> _About this exercise_
Output the full listing exactly as written, with no pictures in it.

> _Dataset content_
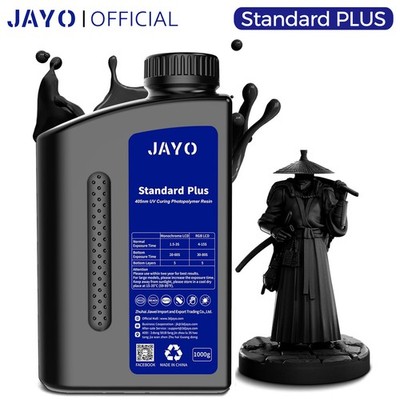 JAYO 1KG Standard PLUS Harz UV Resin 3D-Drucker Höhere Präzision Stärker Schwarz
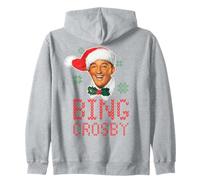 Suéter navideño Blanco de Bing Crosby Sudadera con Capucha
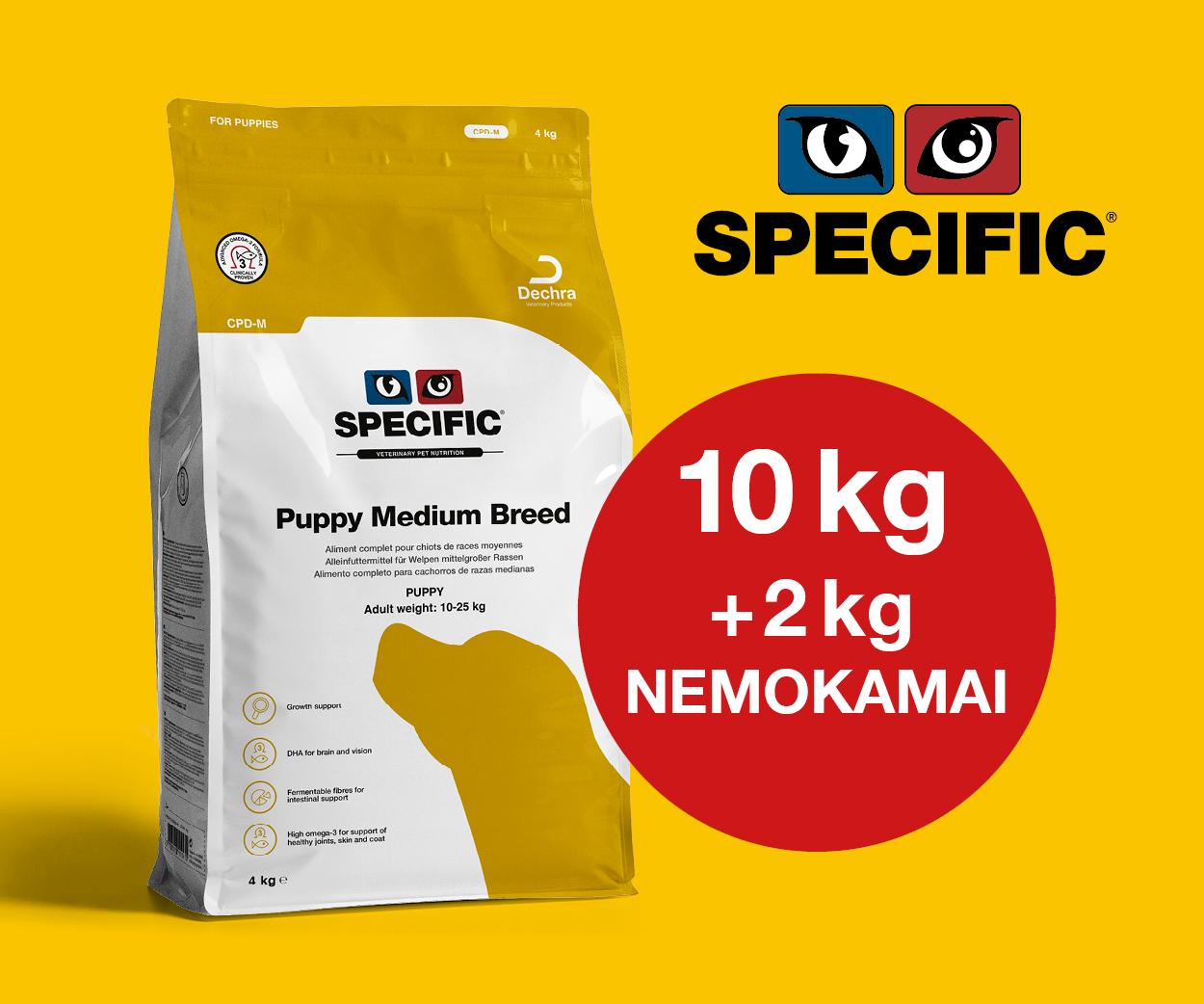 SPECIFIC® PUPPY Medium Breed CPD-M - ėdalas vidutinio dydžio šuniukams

> _Answer to this problem_
 JAYO 1KG Standard PLUS Harz UV Resin 3D-Drucker Höhere Präzision Stärker Schwarz
 Suéter navideño Blanco de Bing Crosby Sudadera con Capucha
 SPECIFIC® PUPPY Medium Breed CPD-M - ėdalas vidutinio dydžio šuniukams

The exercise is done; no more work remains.